/---

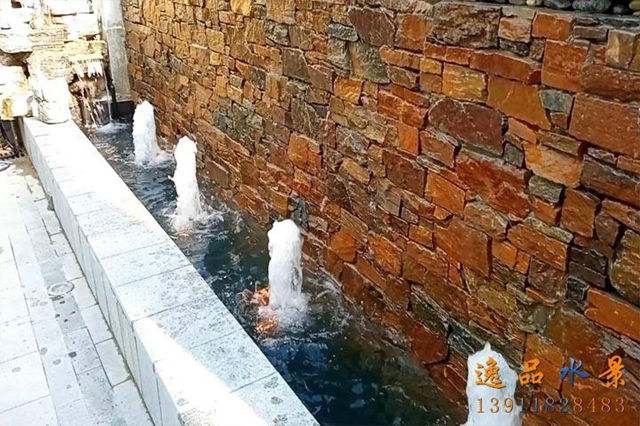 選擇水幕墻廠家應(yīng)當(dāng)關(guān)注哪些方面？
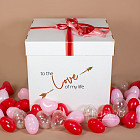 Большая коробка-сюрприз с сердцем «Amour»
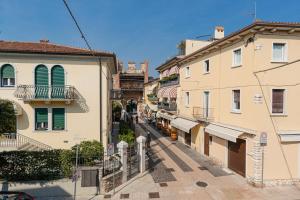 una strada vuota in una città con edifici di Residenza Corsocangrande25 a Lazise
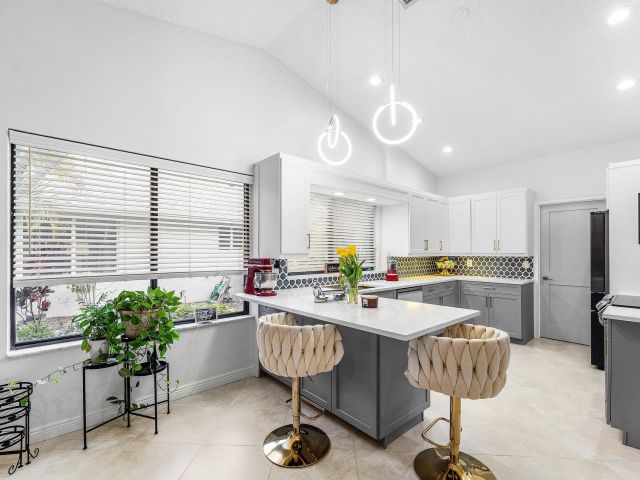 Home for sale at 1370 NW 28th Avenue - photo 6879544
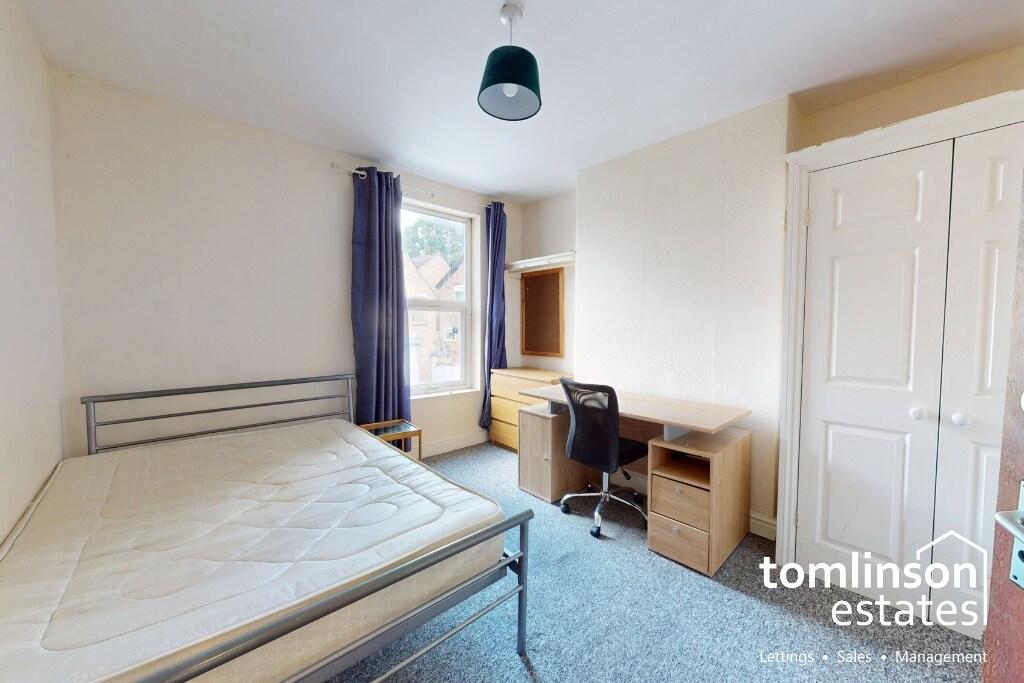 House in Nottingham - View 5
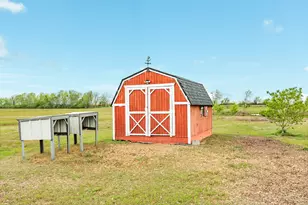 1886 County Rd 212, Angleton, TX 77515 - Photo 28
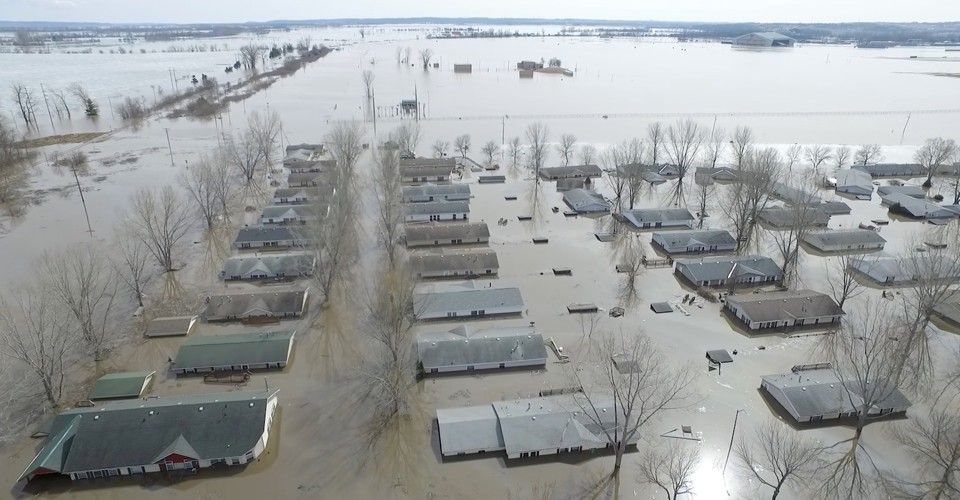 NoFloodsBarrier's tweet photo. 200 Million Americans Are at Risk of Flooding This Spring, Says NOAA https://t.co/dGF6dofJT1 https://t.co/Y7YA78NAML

\---
/---

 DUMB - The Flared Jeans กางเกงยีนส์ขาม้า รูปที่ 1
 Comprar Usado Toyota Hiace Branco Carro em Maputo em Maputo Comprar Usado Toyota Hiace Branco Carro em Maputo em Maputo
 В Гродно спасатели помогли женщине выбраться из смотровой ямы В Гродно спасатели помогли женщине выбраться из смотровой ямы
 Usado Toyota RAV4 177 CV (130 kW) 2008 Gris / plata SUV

\---
/---

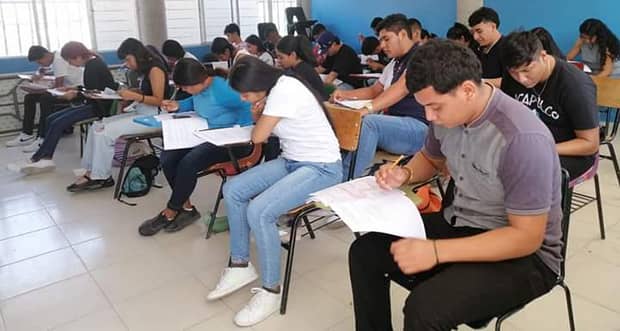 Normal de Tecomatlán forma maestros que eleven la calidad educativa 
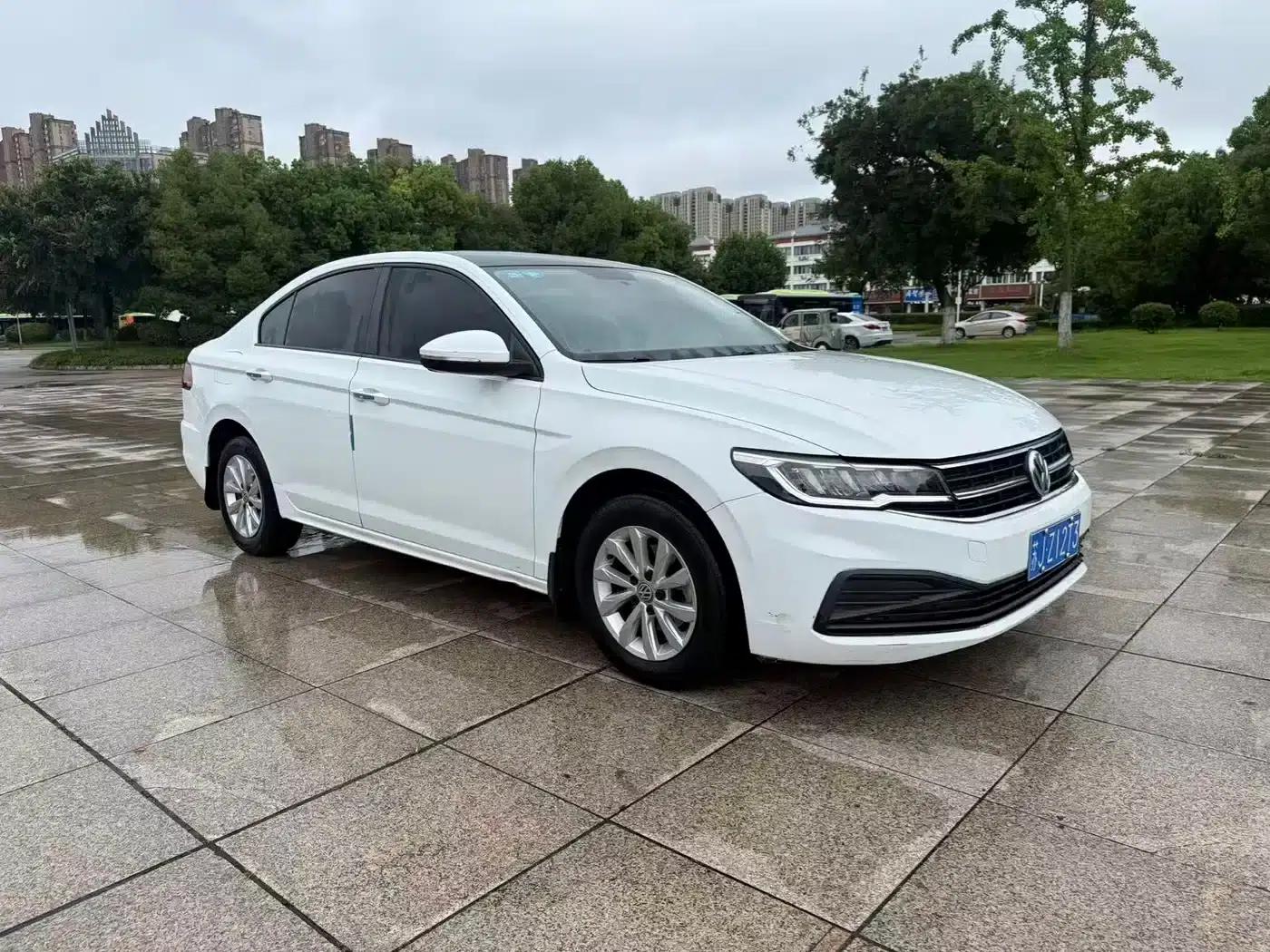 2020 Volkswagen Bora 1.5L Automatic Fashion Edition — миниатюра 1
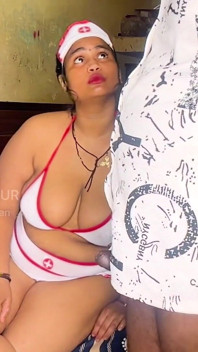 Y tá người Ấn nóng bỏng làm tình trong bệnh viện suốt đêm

\---

_TASK REQUIREMENTS_
The expected result is every line above containing the string "Usado".

_RESULT_
 Comprar Usado Toyota Hiace Branco Carro em Maputo em Maputo Comprar Usado Toyota Hiace Branco Carro em Maputo em Maputo
 Usado Toyota RAV4 177 CV (130 kW) 2008 Gris / plata SUV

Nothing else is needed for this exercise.